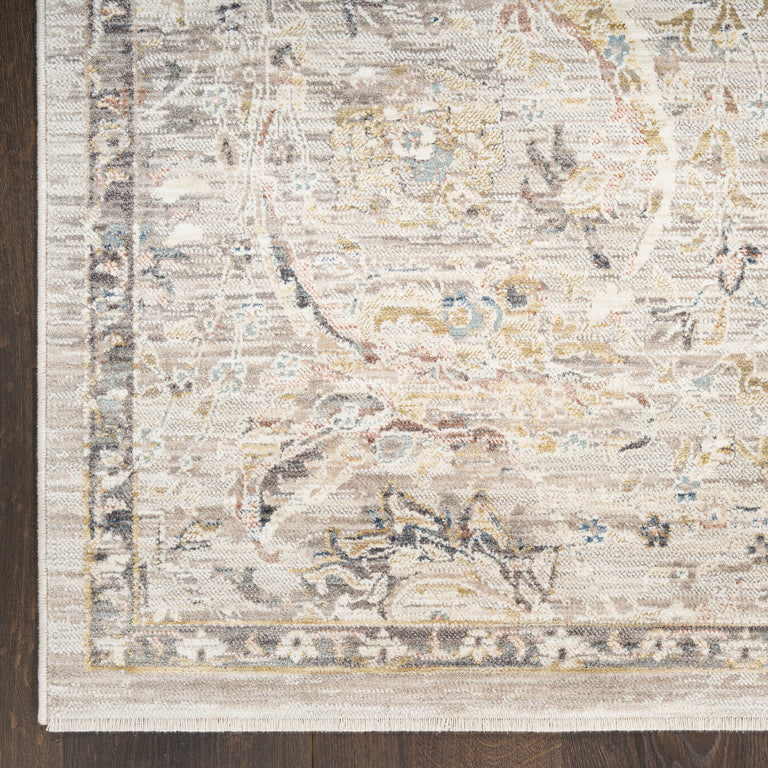 Nourison Antique Fusion ANF03 Light Grey Rug | Damask Rugs Collection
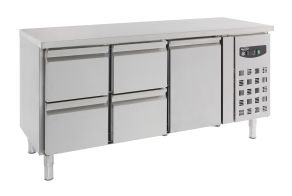 700 REFRIGERATED COUNTER 1 DOOR AND 4 DRAWERS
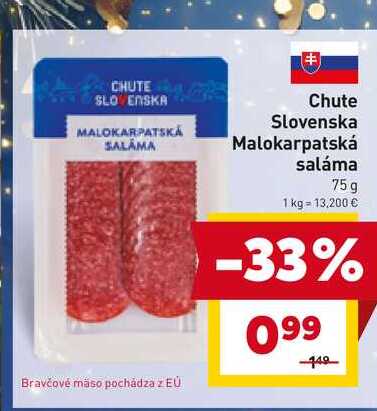 Chute Slovenska Malokarpatská saláma 75g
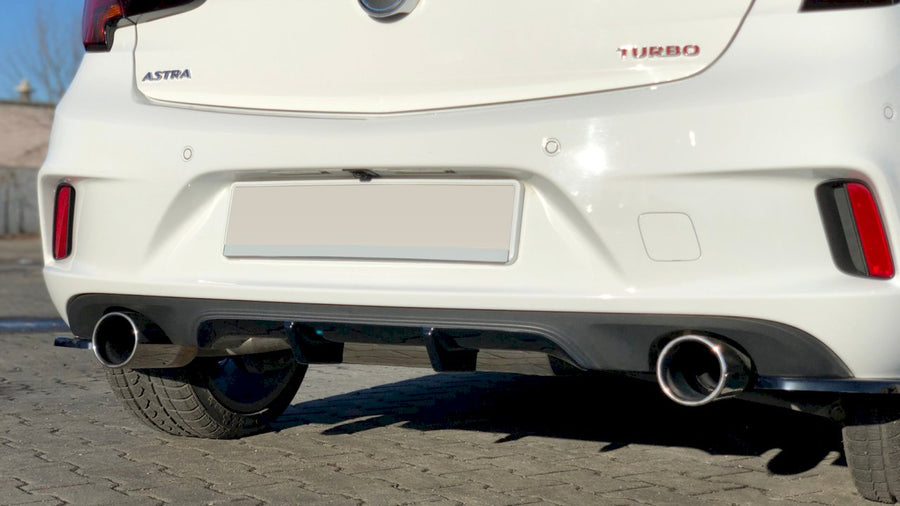Maxton Design - REAR DIFFUSER OPEL/VAUXHALL ASTRA K OPC-LINE/VX-LINE (2015-2019)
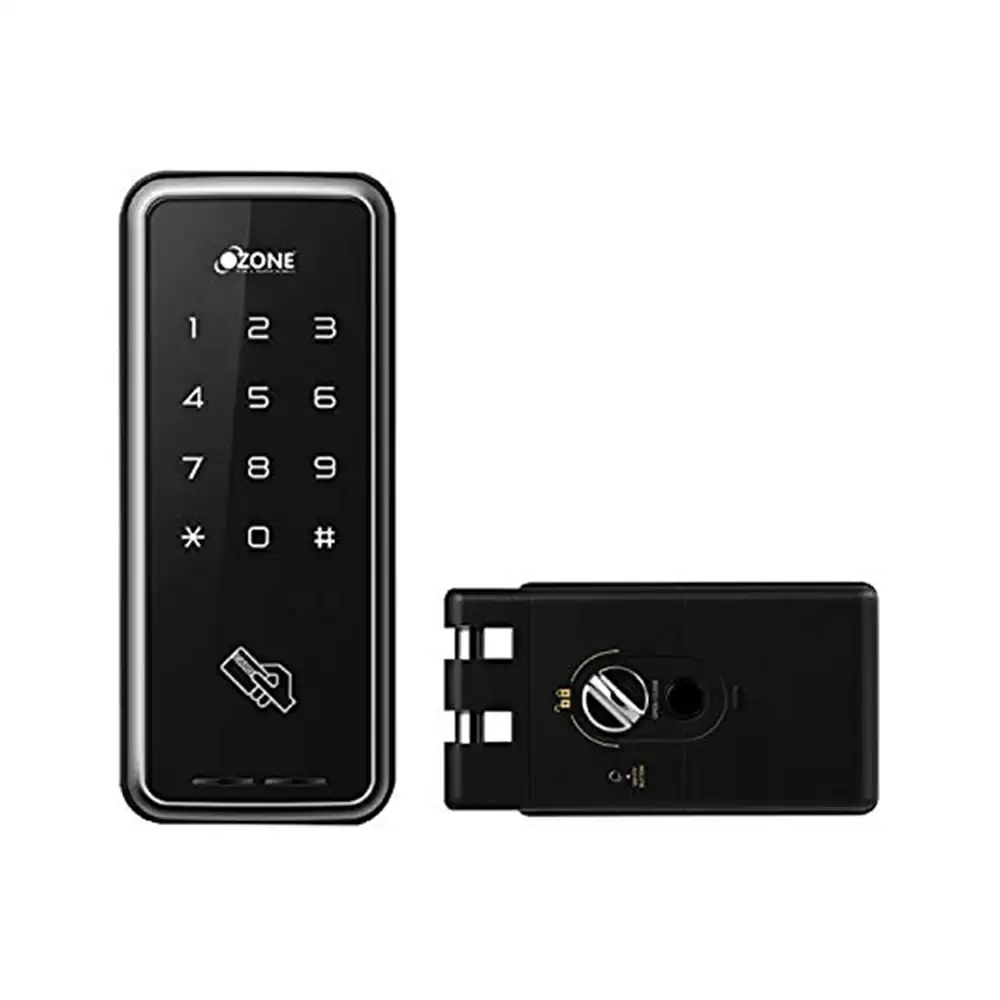 Ozone OZDL-11 RF-SL STD Smart Door Lock for Home With Pin Code, RFID & Key, Black (1 Year Warranty)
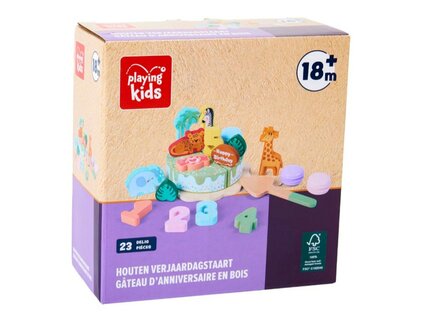 23269 Playing Kids Houten Jungle Verjaardagstaart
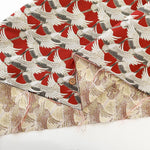 Gold Brocade (Kinran) - Flock of Cranes Pattern - nomura tailor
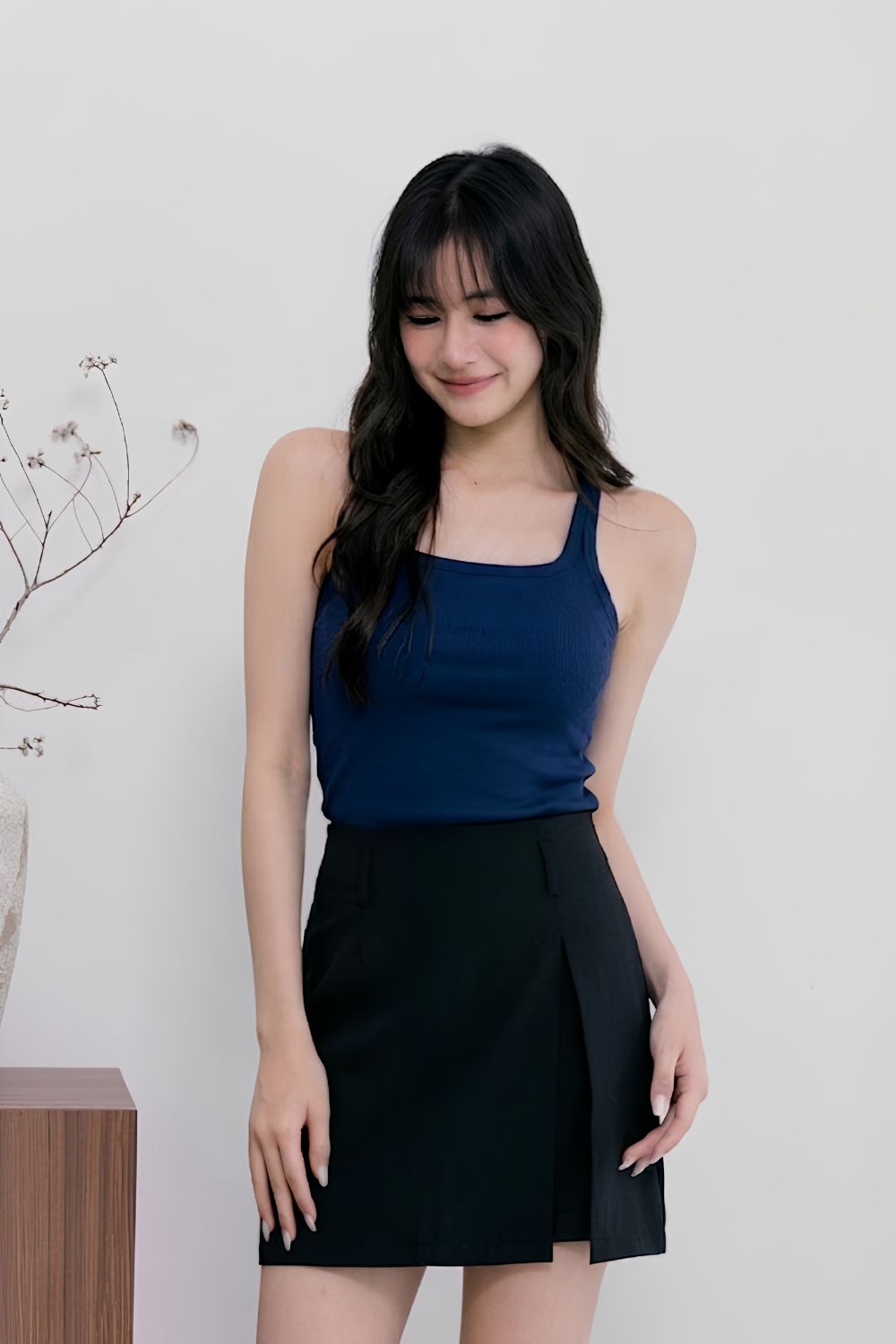 Lucretia Mini Skort Black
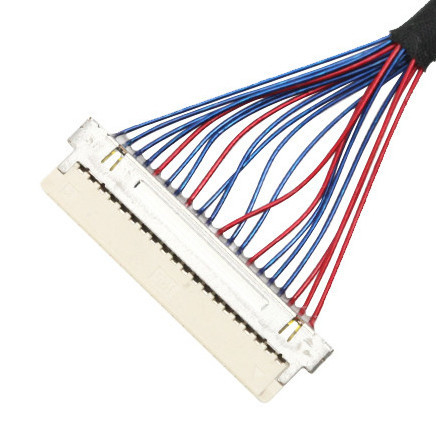 0.5mm Pitch 20453-220t-03 Lvds Kabel zestaw Df19g-20s Do I-Pex ISO14001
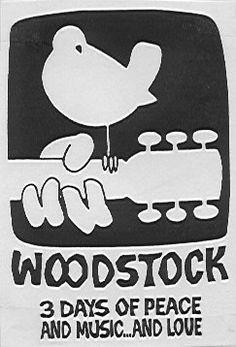 Black and White Woodstock Logo - beste afbeeldingen van woodstock poster bands, Woodstock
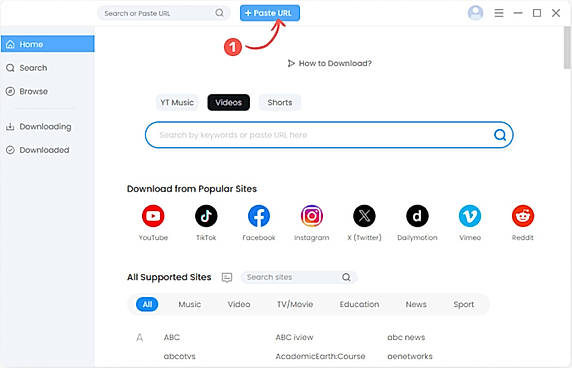 Step 1. Copy and Paste the Link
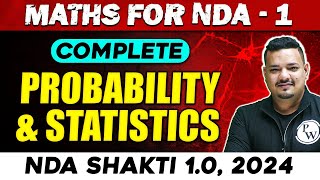 NDA Maths  ProbabilIty amp Statistics  NDA 1 2024  Defence Wallah [upl. by Umont512]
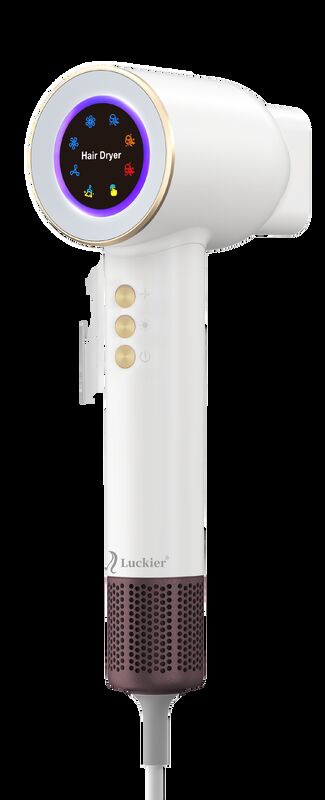 Luckier High-Speed Plasma Hair Dryer with Silent Operation Cool-Touch Housing and Detachable Filter for Professional Use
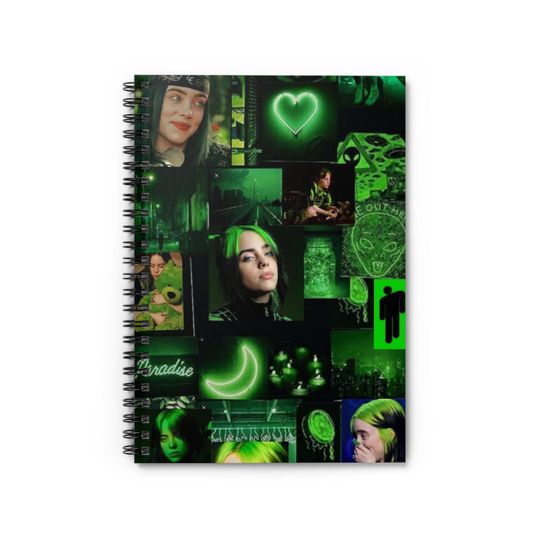 Billie Eilish Spiral Notebook - Ruled Line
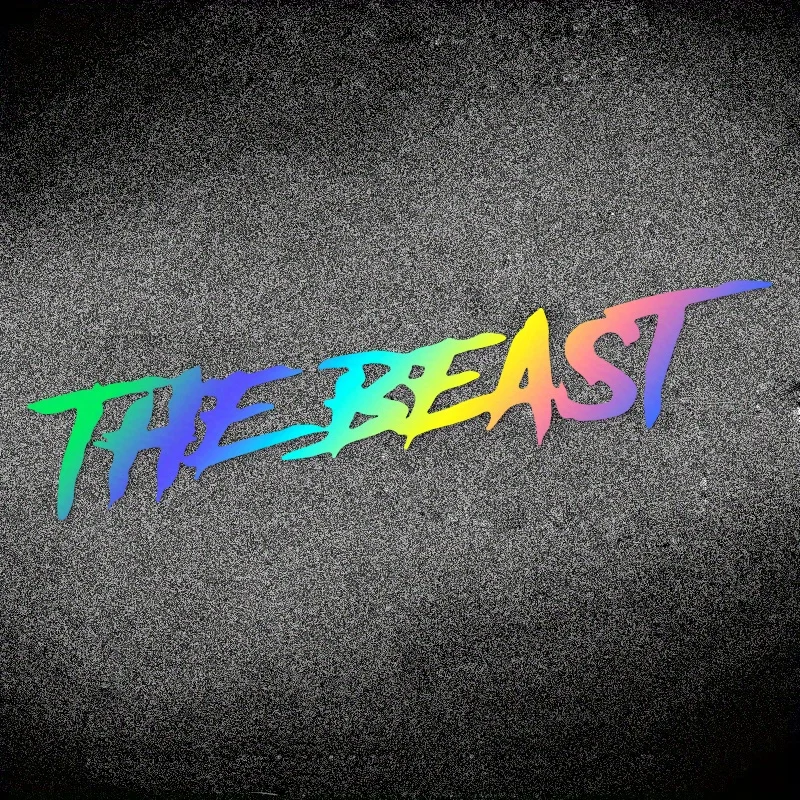 1개입 '더 비스트' 그래피티 자동차 오토바이 스티커, 헬멧 자동차 바디용 트렌디 데칼, 눈에 띄는 차량 액세서리 스티커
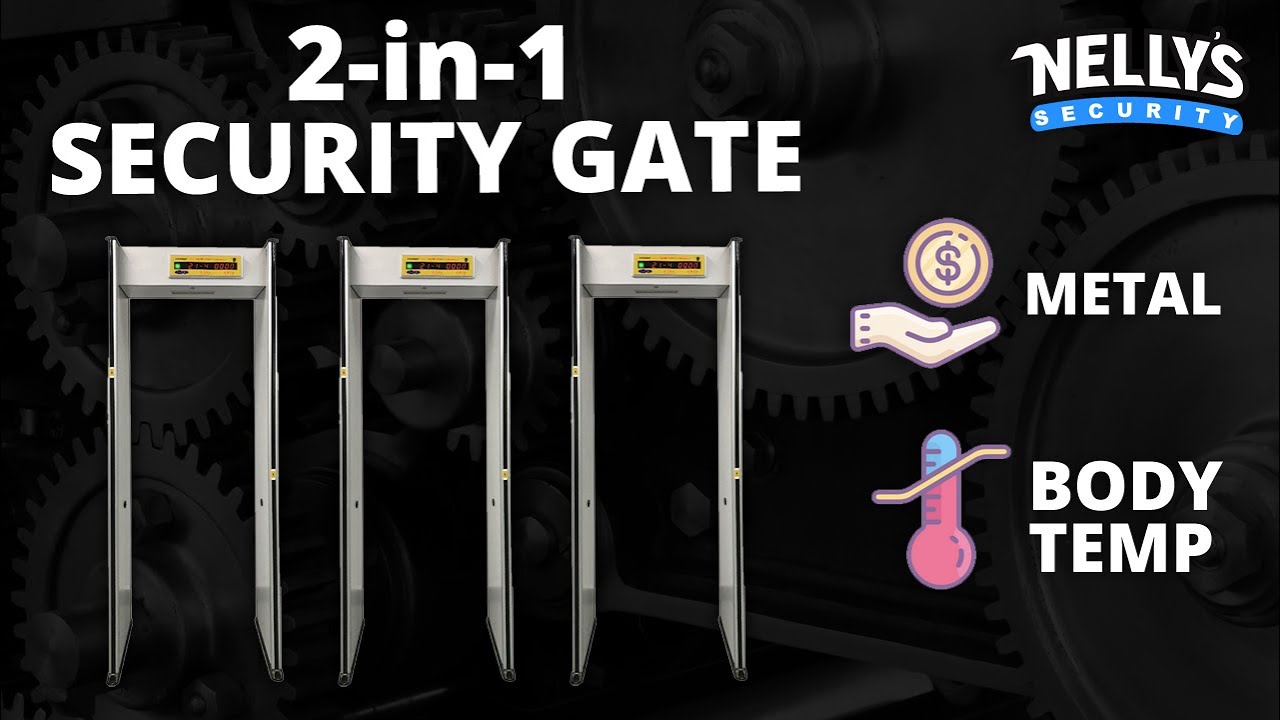 Metal & Temperature Detection Security Gate! Two Products In One from Uniview (USS-SC100A-TM-O)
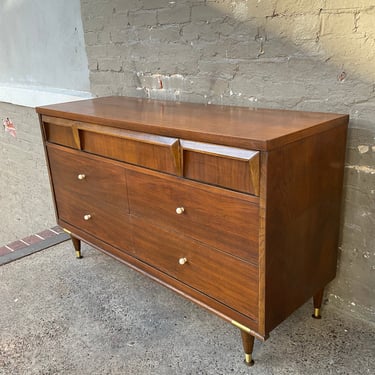 Bassett MCM Walnut Dresser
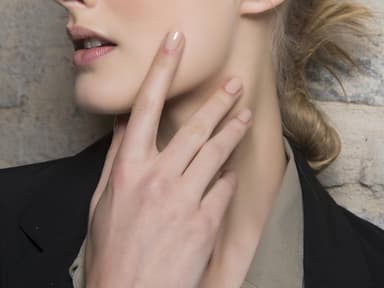 Glossy Nude Nails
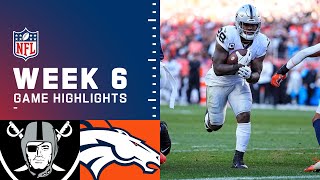 Raiders vs. Broncos Week 6 Highlights | NFL 2021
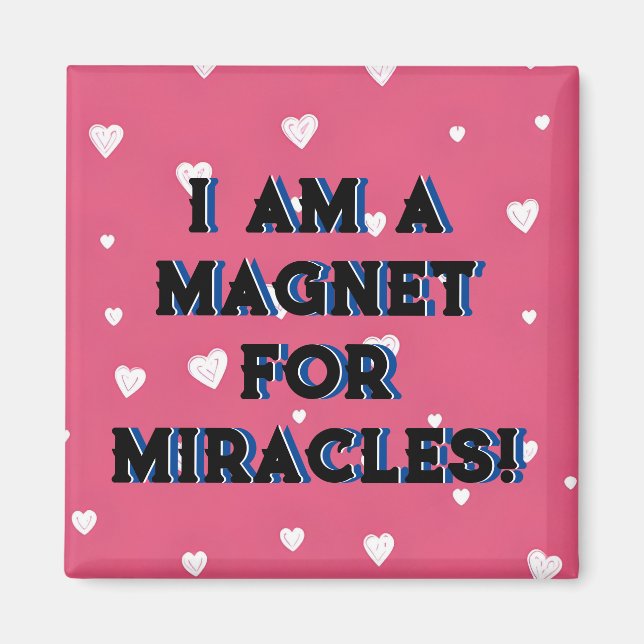 Imán SOY UN MAGNET PARA MIRCALES Magnet (Frente)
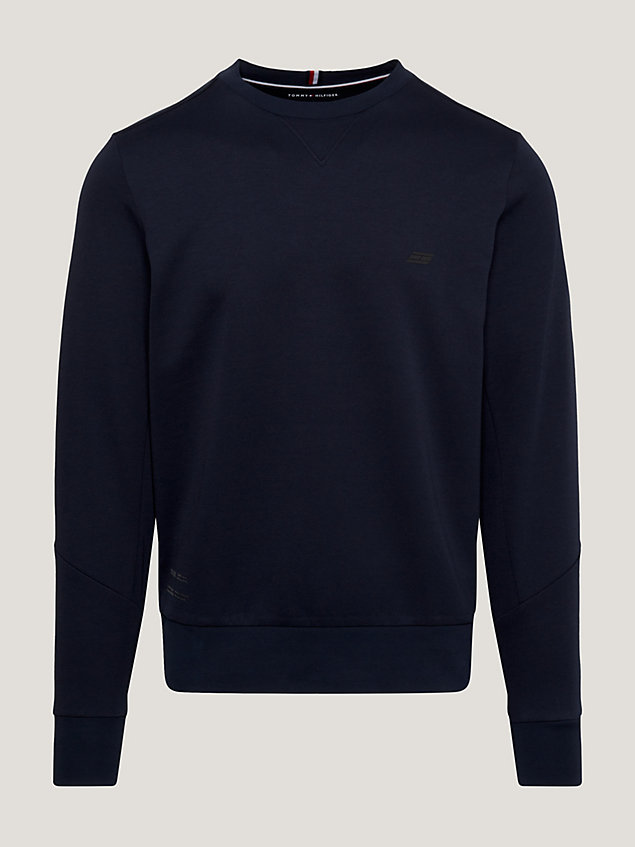 blue sport essential tonal logo sweatshirt for men tommy hilfiger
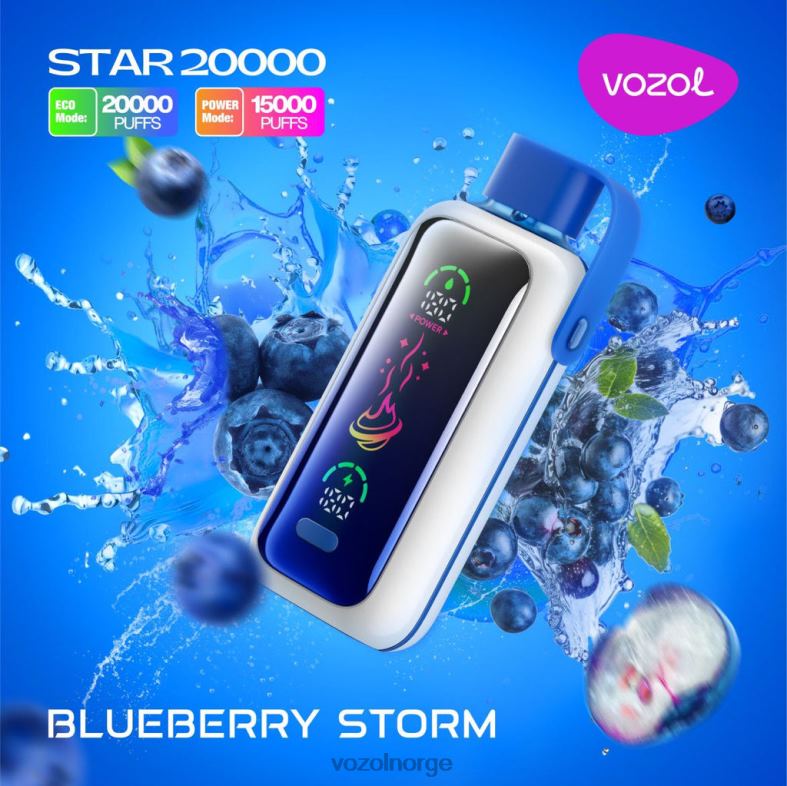 Vozol Vape Near Me - VOZOL STAR 20 000 blåbærstorm 224445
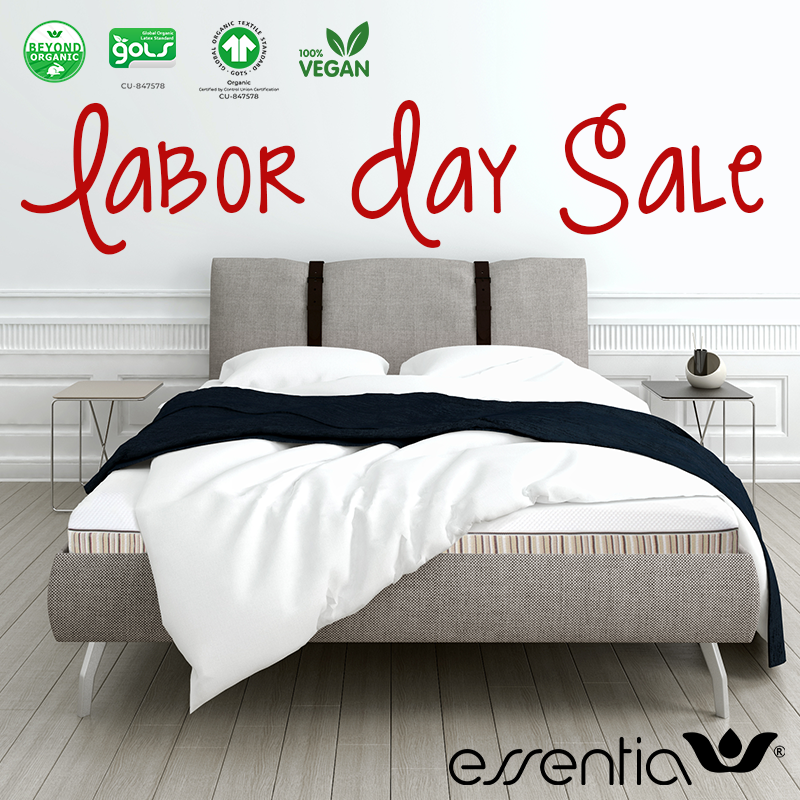 Essentia Organic Mattress Announces Big Labor Day Sale on All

→ Prompt
In transcribing the lines above, omit the images and keep all else exact.

→ Solution for this task
 Nourison Antique Fusion ANF03 Light Grey Rug | Damask Rugs Collection
 700 REFRIGERATED COUNTER 1 DOOR AND 4 DRAWERS
 Chute Slovenska Malokarpatská saláma 75g
Maxton Design - REAR DIFFUSER OPEL/VAUXHALL ASTRA K OPC-LINE/VX-LINE (2015-2019)
 Ozone OZDL-11 RF-SL STD Smart Door Lock for Home With Pin Code, RFID & Key, Black (1 Year Warranty)
 23269 Playing Kids Houten Jungle Verjaardagstaart
 Gold Brocade (Kinran) - Flock of Cranes Pattern - nomura tailor
 Lucretia Mini Skort Black
 0.5mm Pitch 20453-220t-03 Lvds Kabel zestaw Df19g-20s Do I-Pex ISO14001
 Black and White Woodstock Logo - beste afbeeldingen van woodstock poster bands, Woodstock
 Step 1. Copy and Paste the Link
 NDA Maths  ProbabilIty amp Statistics  NDA 1 2024  Defence Wallah [upl. by Umont512]
 Luckier High-Speed Plasma Hair Dryer with Silent Operation Cool-Touch Housing and Detachable Filter for Professional Use
 Billie Eilish Spiral Notebook - Ruled Line
 1개입 '더 비스트' 그래피티 자동차 오토바이 스티커, 헬멧 자동차 바디용 트렌디 데칼, 눈에 띄는 차량 액세서리 스티커
 Metal & Temperature Detection Security Gate! Two Products In One from Uniview (USS-SC100A-TM-O)
 Bassett MCM Walnut Dresser
 Glossy Nude Nails
 Raiders vs. Broncos Week 6 Highlights | NFL 2021
 Imán SOY UN MAGNET PARA MIRCALES Magnet (Frente)
 blue sport essential tonal logo sweatshirt for men tommy hilfiger
 Vozol Vape Near Me - VOZOL STAR 20 000 blåbærstorm 224445
 Essentia Organic Mattress Announces Big Labor Day Sale on All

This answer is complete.